私の気持ちが自分から離れていると感じるのでしょう。
「今な、おひさまパンを作ってるんやで。ほらこんなんやで。焼けたらたべよな。」
パンを見せてそう説明しても全くおさまりません。
他の事なら少々中断できるのですが、パンの形成となると、生地が乾燥して、硬くなったり発酵度合いもまちまちになってしまい、仕上がりに大きく影響してくるので手を休めるわけにいきません。

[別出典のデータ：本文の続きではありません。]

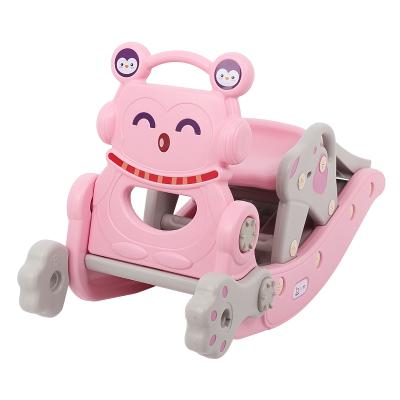 China Ride On Toy Whosale Plastic Ride On Animal Rocking Horse Indoor 2 in 1 Cheap Animal 3 in 1 Toy Slide For Sale Multifunctional for sale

「ごめんね。終わるまで待ってね。」そう言っても、こんな時の彼の耳には届くはずもありません。
<自己主張の根源>
その様子を見ていると、あるひとつの出来事を思い出します。
それは彼が1歳になるかならないかの時、家に泊りがけで来られる5人のお客さんの夕飯と宿泊の準備を1人で用意した時の事です。
親しい人たちなのでそんな準備も苦にはならず楽しいのですが、やっぱりこども達の相手をしながらだと思うようにいきません。いよいよ予定の時間が迫っているとなると集中しないと事が進みません。そういう空気を察知して央飛人はそれまでなかったように泣き、足元から離れず、余裕のない私はそうした央飛人の気持ちに答える事なしに準備をこなしました。
それまでの彼は非常に安定していて、夜泣きもした事がなく、いつも笑顔で本当に純真無垢な存在そのものの様に思えていたのが、そのでき事を境に彼の様子が変わりました。
そのとき彼は、<お母さんに拒絶された>…という強い感覚を持ってしまった様に思います。
何か、それに近い様な事があると、彼にその感覚がよみがえっているのを感じます。その感覚を感じ激しく泣いて訴えている様に思います。
忙しい日常の中でも、私が彼と真剣に向き合い、じっくり時間をかけてその氷が自然にとけるのを待つしかないと思っています。